Can anyone recommend a dog and child friendly site close to either Drusillas park in Alfriston or in or around Eastbourne?
Thanks,

Pete.


----------



## Bigmal666 (May 1, 2005)

Hi

Don't know if it is of any help, but we went to Drusillas recently and stayed in a very nice lay by a few yards from the main entrance of Drusillas.


----------



## brillopad (Mar 4, 2008)

there is a camp site in seaford called buckle it is right on the beach. dennis


----------



## Mikemoss (Sep 5, 2005)

There's a really nice CL at Alfriston - keep going through the village and it's near some tennis courts and a riding stable. Must be in the book, which I don't have by me just now.
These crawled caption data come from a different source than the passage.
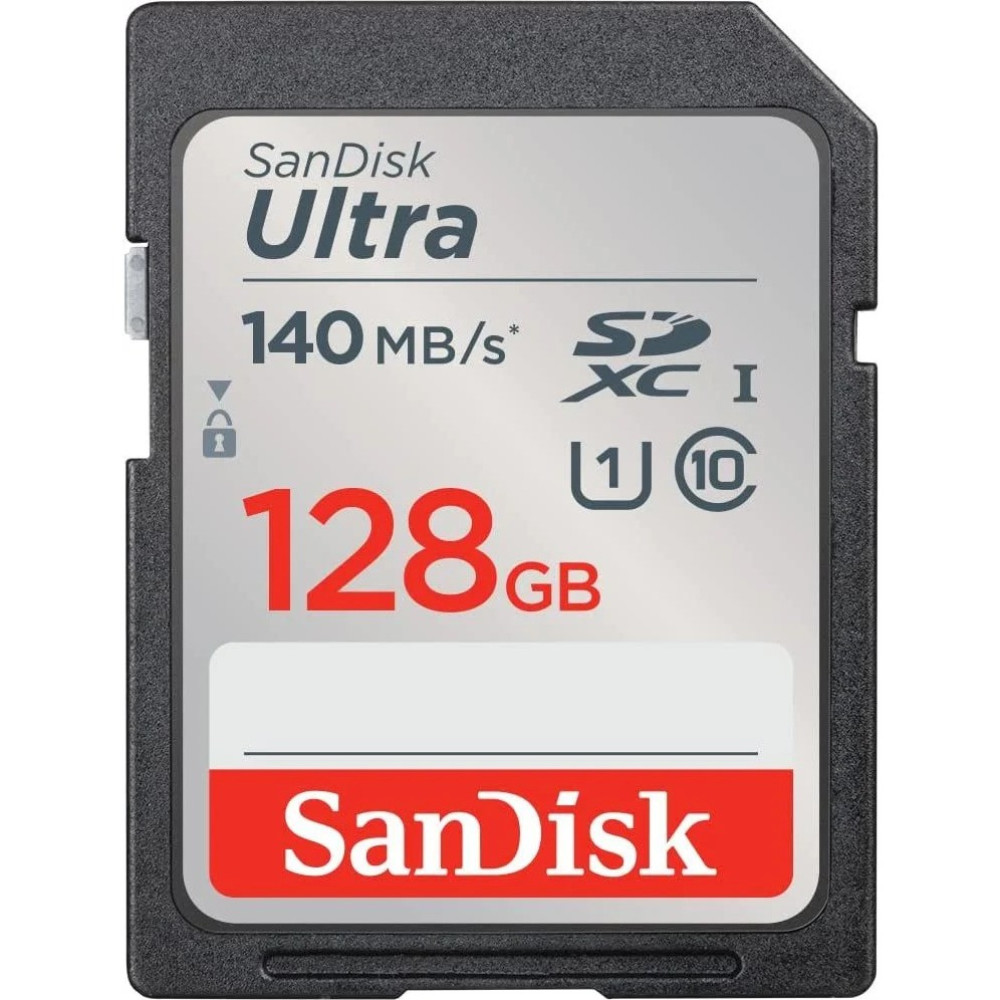 Sandisk Ultra 128GB 140MB/S Sdhc/sdxc Class 10 Uhs-I Hafıza Kartı SDSDUNB-128G-GN6IN Hafıza Kartları Fiyatı
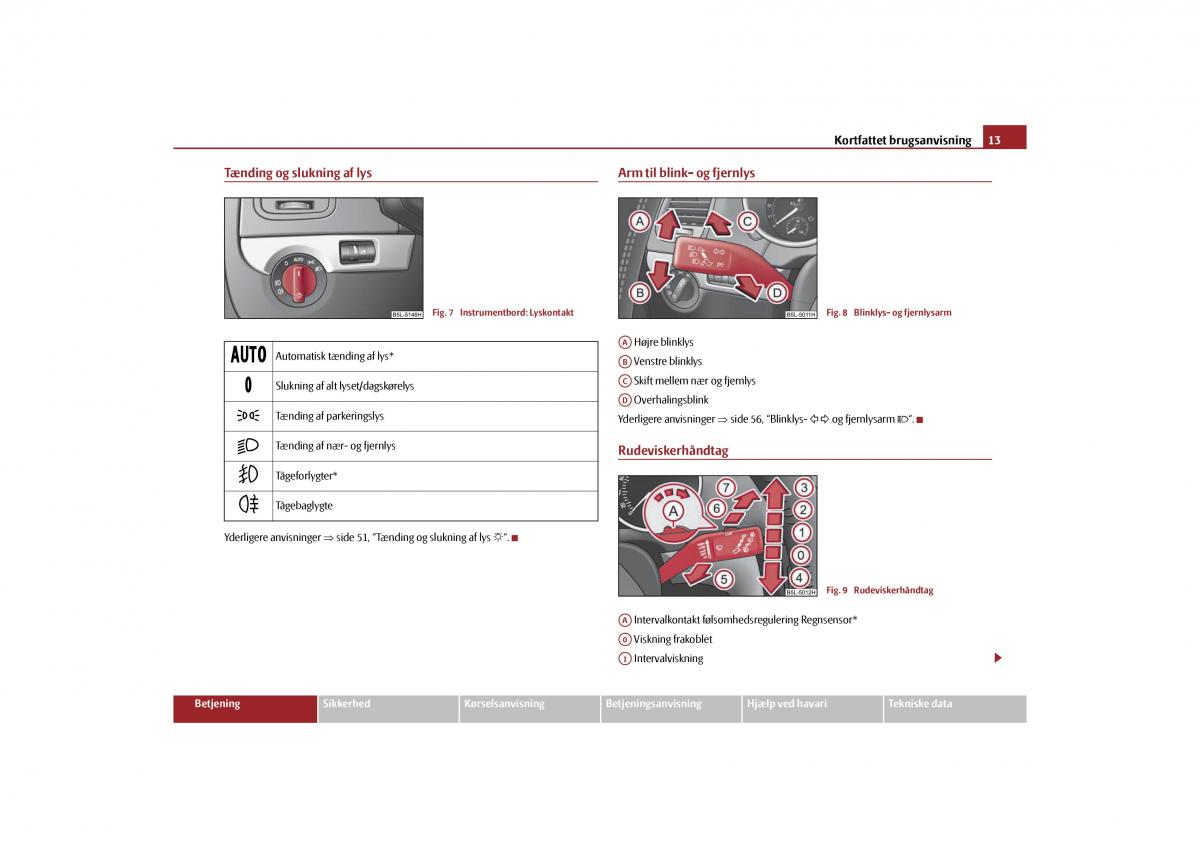 Skoda Yeti Bilens instruktionsbog / page 15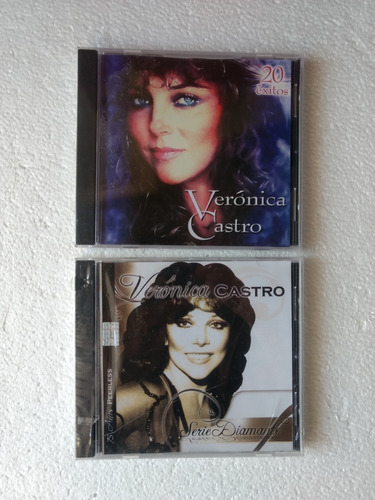 Cd Veronica Castro 20 Exitos Y Serie Diamante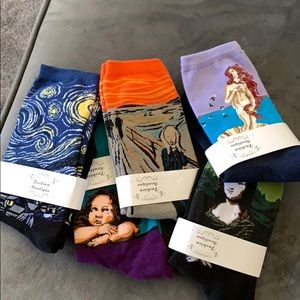 5 pairs of fun socks!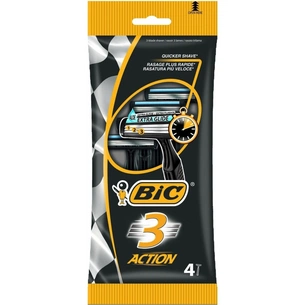 Бритва Bic 3 Action 4 шт. (3086123356566) зображення 1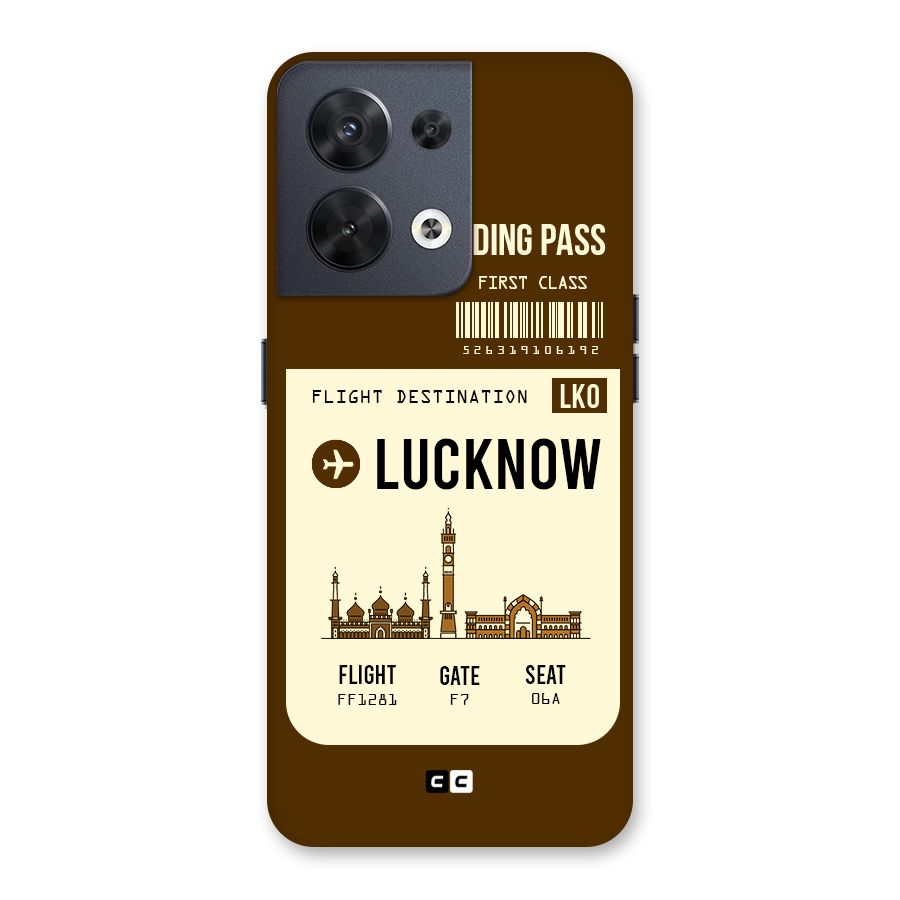 Lucknow Boarding Pass Back Case for Oppo Reno8 5G
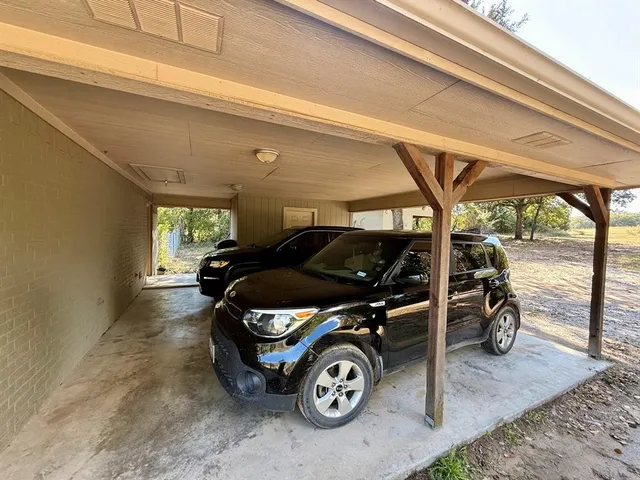 a car parked in front of a building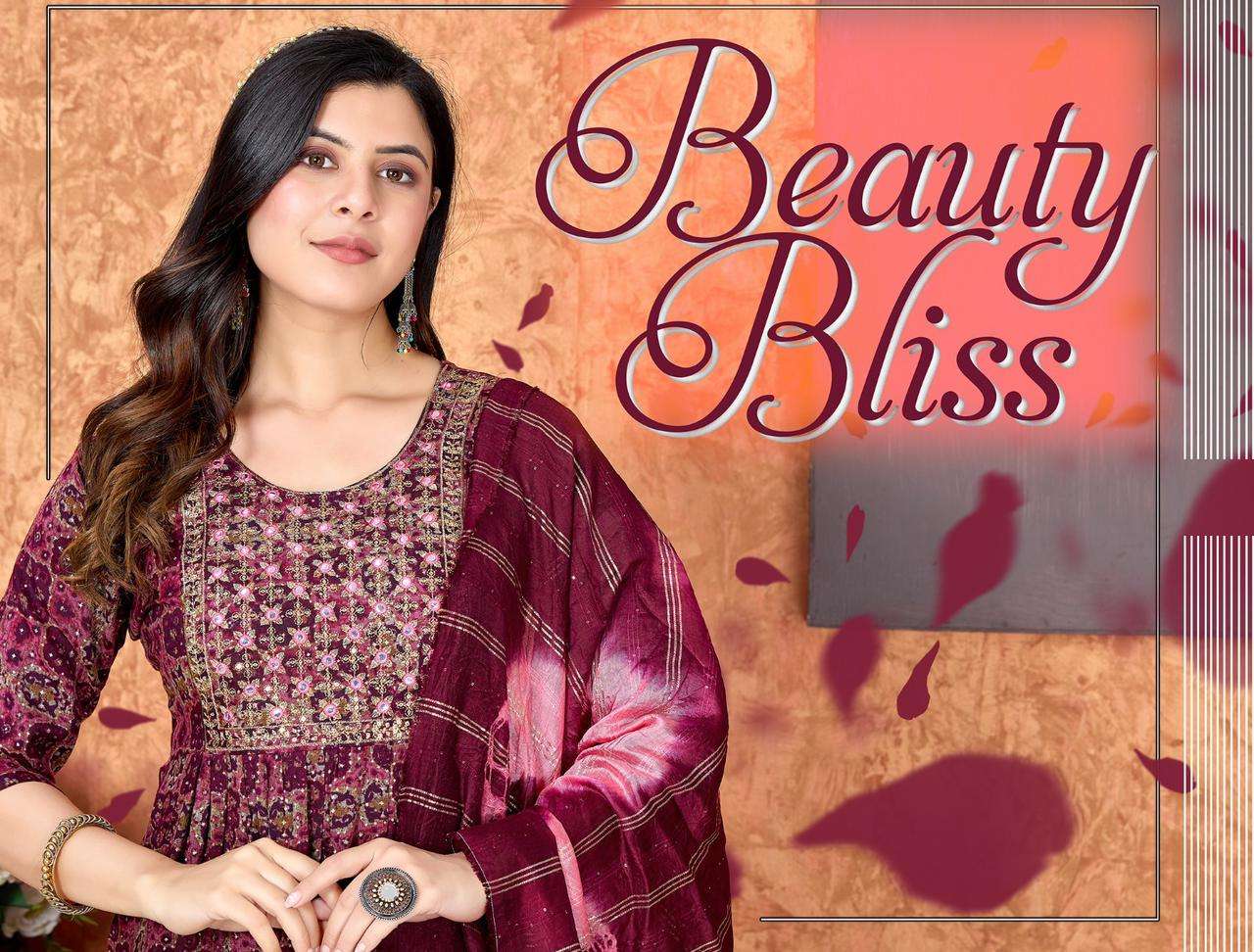 BEAUTY BLISS BY AQSAWHOLESALE 6001 TO 6004 SERIES RAYON PRINT READYMADE DRESSES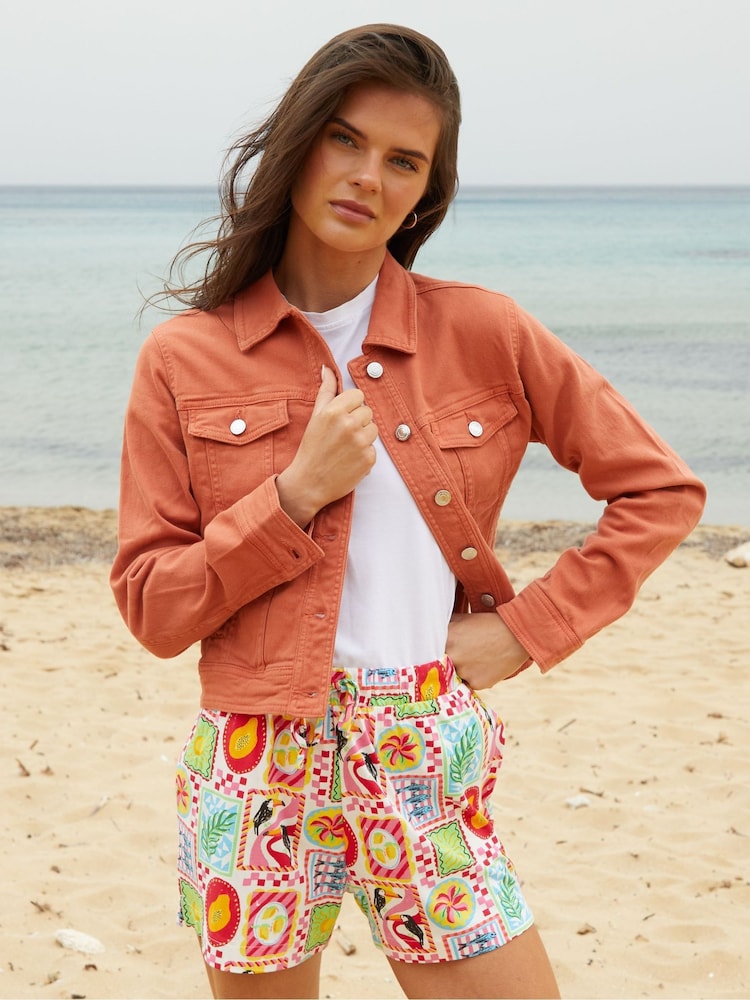 Threadbare Cream 100% Cotton Pull On Jersey Shorts - Image 1 of 4
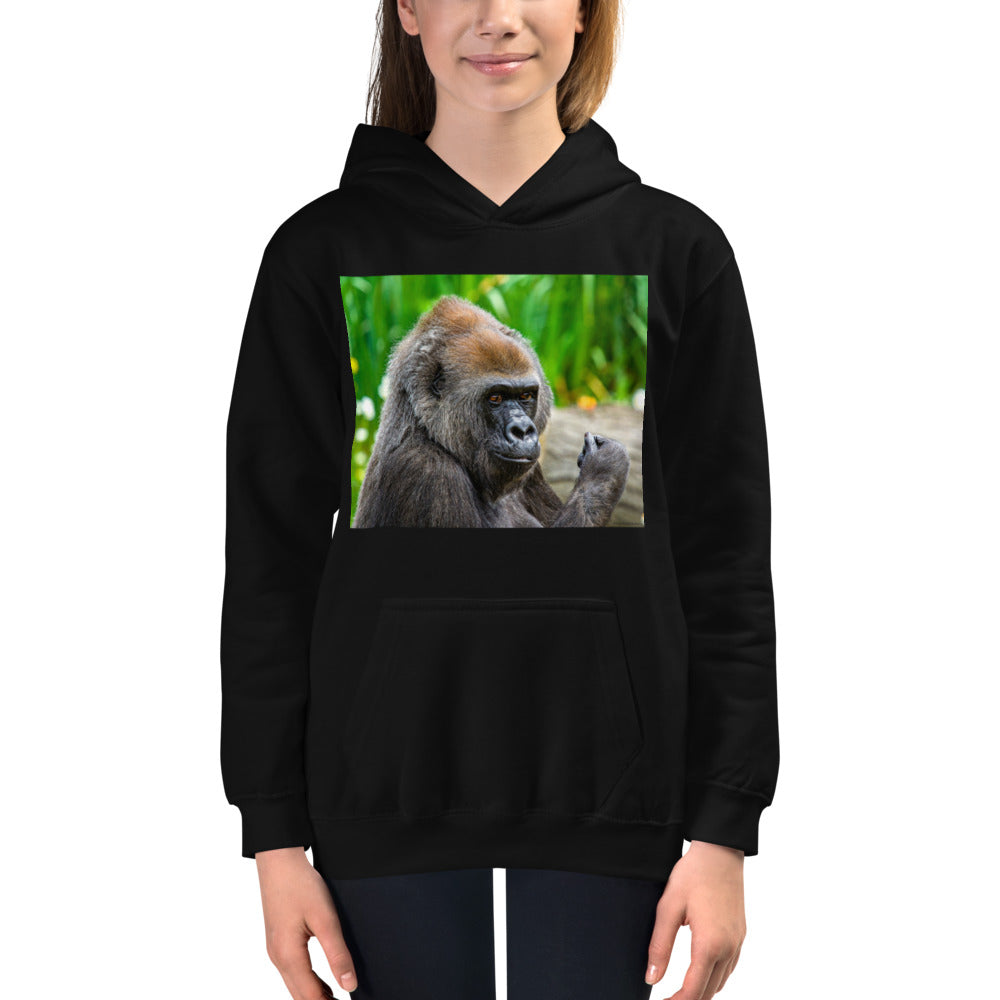 Premium Hoodie - FRONT Print: Young Gorilla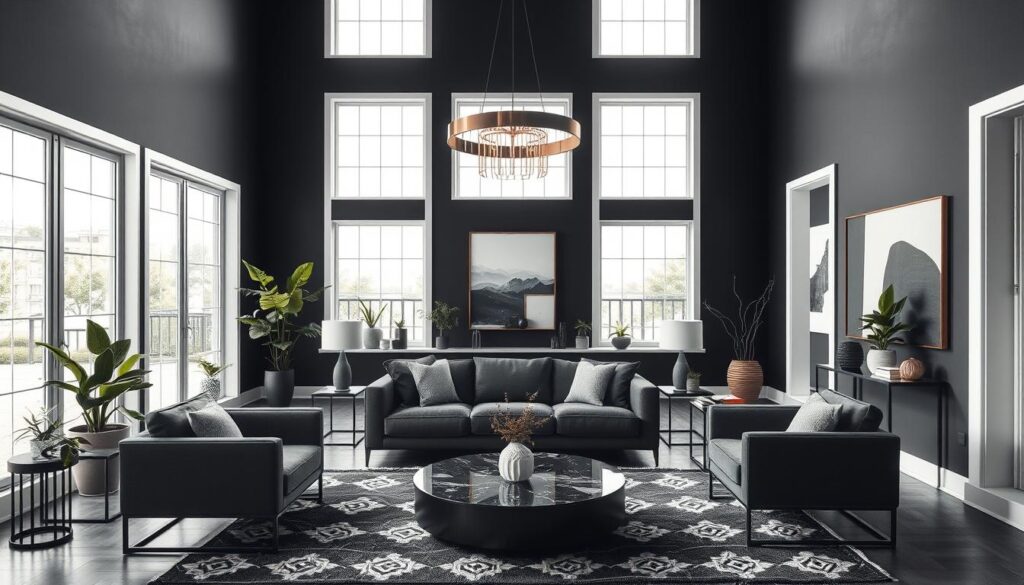 black living room inspirations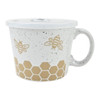 Boston Warehouse 20 Oz Souper Soup Mug with Lid, Bee Positive Set of 2 Boston Warehouse 20 Oz Souper Soup Mug with Lid, Bee Positive Set of 2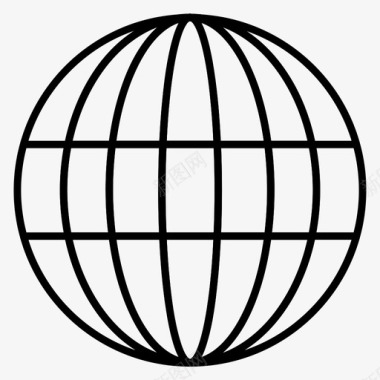 地球圆圈电子商务图标图标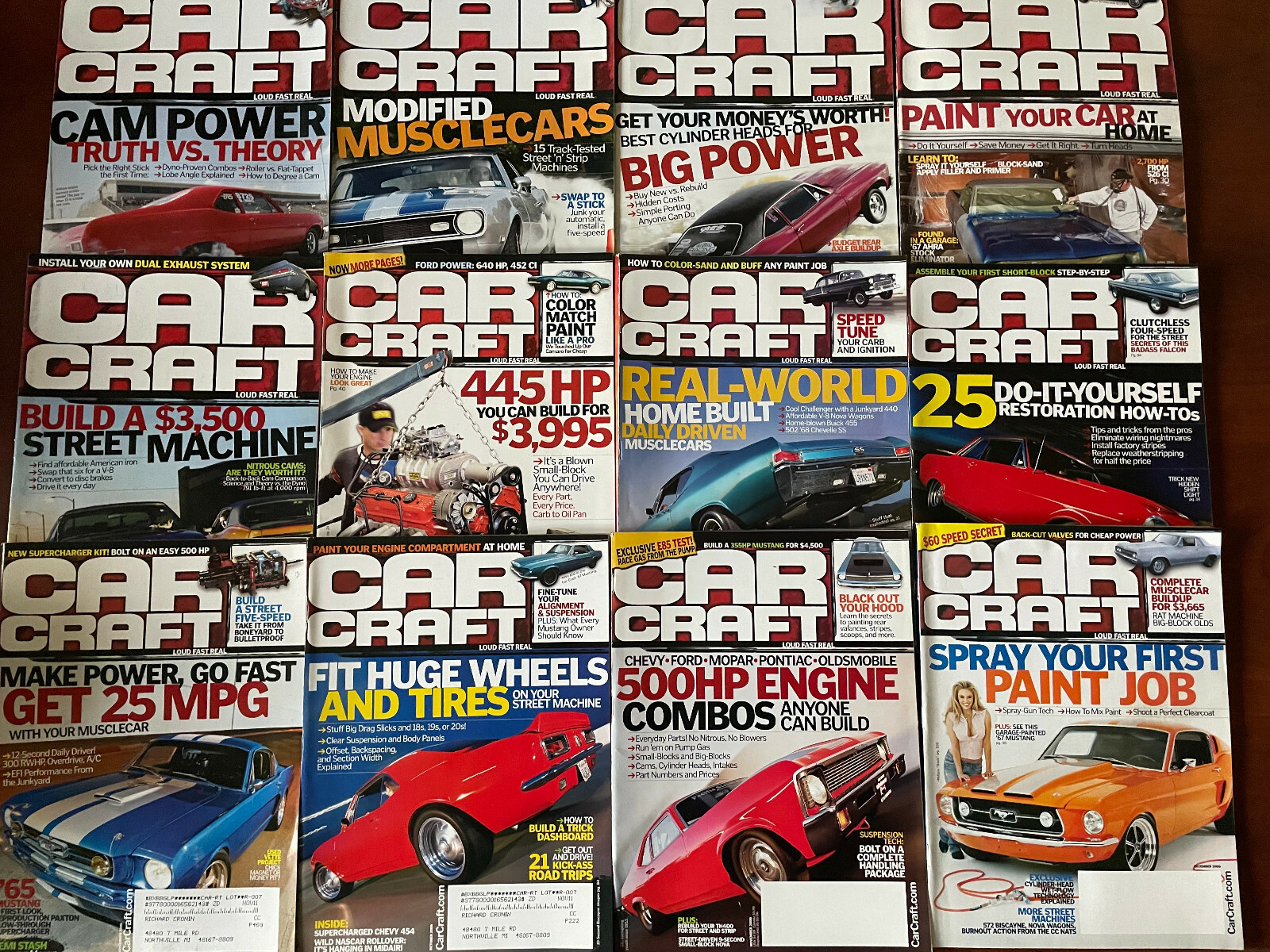 CAR CRAFT  Magazine - 1981-2017 - Your Choice of Month/Year  - $1.00 ea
Great dog walks over the Downs, and bags of space for children to run around.


----------



## JohnsCrossMotorHomes (Jul 21, 2007)

lotusboy said:


> Hi,
> Can anyone recommend a dog and child friendly site close to either Drusillas park in Alfriston or in or around Eastbourne?
> Thanks,
> Pete.


http://www.crazylane.co.uk/

About five miles from us.

Peter


----------